Le joueurs éduqué, « cognisenti », ne jouant que sur la Wii est un être contrarié, affamé. Maintenu en vie par le biais de productions « maison » mémorables mais espacées et de quelques bons jeux tiers, hélas aussi rares, il se jettera sur Lost winds comme la faim sur le pauvre monde. Grand bien lui fasse ! Indépendamment de la difficulté de la machine de Nintendo à attirer les projets ambitieux, il faut bien avouer que le premier titre Wiiware du studio Frontier, à hauteur de la libido intello-gamer, cumule des qualités quasi-pornographiques.
L’écran de démarrage s’ouvre le tableau charmant d’un gamin kawaï et poupin, habillé comme Ico, endormi au pied d’un cerisier en fleur. Malgré l’injonction habituelle « appuyez sur le bouton start », le joueur remarque immédiatement une légère brise provoquée par le faisceau de la Wiimote dans les branchages et sur les herbes hautes. Une introduction admirable au geste qui porte tout entier Lost winds et à l’élégance accentuée par un thème qui rappelle les partitions de Kow Otani (Ico, Shadow of the colossus).
Inspiration de qualité encore ; Lost winds, à l’instar d’Okami, propose un gameplay bicéphale. Le joueur y incarne à la fois Taku, un jeune garçon dont le village de Mistralis se voit menacé par le motif (très zeldaien) du démon séculaire et un esprit du vent, immatériel et simplement représenté par le curseur. Concrètement, Taku est contrôlé via le Nunchuck et l’esprit du vent via la Wiimote. De fait, le joueur utilise l’esprit du vent pour aider Taku à surmonter les obstacles d’un plateformer 2D au départ assez classique. Mais contrairement à Okami, le joueur use des deux gameplays simultanément. Un coup de Wiimote pour tracer une brise derrière lui et Taku saute plus loin, plus haut. Progressivement, les simples obstacles (une porte à défoncer, un lierre à brûler) se transforment en énigmes qui laissent la part belle aux expérimentations organiques et minérales farfelues. Néanmoins, leur facilité de résolution rapproche plus Lost winds de Wind waker que d’Oddworld inhabitant, par exemple. Même constat au niveau des combats : une fois maîtrisée la capacité à diriger le vent, les ennemis même nombreux sont trop rapidement éliminés pour constituer une quelconque menace.

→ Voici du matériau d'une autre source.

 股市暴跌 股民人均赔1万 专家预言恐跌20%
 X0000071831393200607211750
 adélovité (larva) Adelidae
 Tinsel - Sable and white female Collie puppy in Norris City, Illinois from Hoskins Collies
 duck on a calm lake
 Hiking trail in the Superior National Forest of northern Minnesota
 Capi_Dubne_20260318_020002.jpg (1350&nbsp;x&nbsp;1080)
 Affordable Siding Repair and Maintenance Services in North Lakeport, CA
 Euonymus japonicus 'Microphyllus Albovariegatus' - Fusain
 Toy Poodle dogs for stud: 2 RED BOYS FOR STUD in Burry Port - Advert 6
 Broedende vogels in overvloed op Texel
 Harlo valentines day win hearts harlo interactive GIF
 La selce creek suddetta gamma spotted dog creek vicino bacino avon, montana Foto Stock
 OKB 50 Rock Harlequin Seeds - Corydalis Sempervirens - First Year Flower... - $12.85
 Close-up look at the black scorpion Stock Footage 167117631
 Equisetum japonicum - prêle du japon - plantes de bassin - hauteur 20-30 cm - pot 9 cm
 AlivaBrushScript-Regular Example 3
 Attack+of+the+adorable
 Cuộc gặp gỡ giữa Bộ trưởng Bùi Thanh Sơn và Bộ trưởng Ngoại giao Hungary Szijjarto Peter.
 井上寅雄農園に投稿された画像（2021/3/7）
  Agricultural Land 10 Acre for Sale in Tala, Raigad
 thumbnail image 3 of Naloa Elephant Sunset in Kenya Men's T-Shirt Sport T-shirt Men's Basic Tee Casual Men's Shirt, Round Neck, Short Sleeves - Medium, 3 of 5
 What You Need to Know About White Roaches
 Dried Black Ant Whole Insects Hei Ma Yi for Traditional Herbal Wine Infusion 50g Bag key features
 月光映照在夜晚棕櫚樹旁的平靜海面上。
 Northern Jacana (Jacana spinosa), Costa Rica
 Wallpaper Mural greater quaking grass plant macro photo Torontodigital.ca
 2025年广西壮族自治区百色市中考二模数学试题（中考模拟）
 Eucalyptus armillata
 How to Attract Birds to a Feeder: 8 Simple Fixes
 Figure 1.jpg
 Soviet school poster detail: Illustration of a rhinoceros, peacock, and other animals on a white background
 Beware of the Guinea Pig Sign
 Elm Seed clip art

Non, malgré sa direction artistique limite racoleuse à force de compiler tout ce qui avait séduit le joueur exigeant dans Ico, Okami ou Wind waker, Lost winds n’est définitivement pas un jeu réservé aux gamers chevronés. Tant mieux. C’est une proposition bucolique, une ballade sur des sentiers rêveurs et dans le ventre de cavernes puzzle. Une chasse aux trésors enchanteresse d’environ quatre heures et dont la plus belle pierre reste encore la promesse mouillée d’un second épisode. Une suite qui transformera l’excellente surprise, presque obscène à force d’étaler le bon goût de ses inspirations, en nouvelle référence classée du jeu d’action conjuguant le geste à la poésie.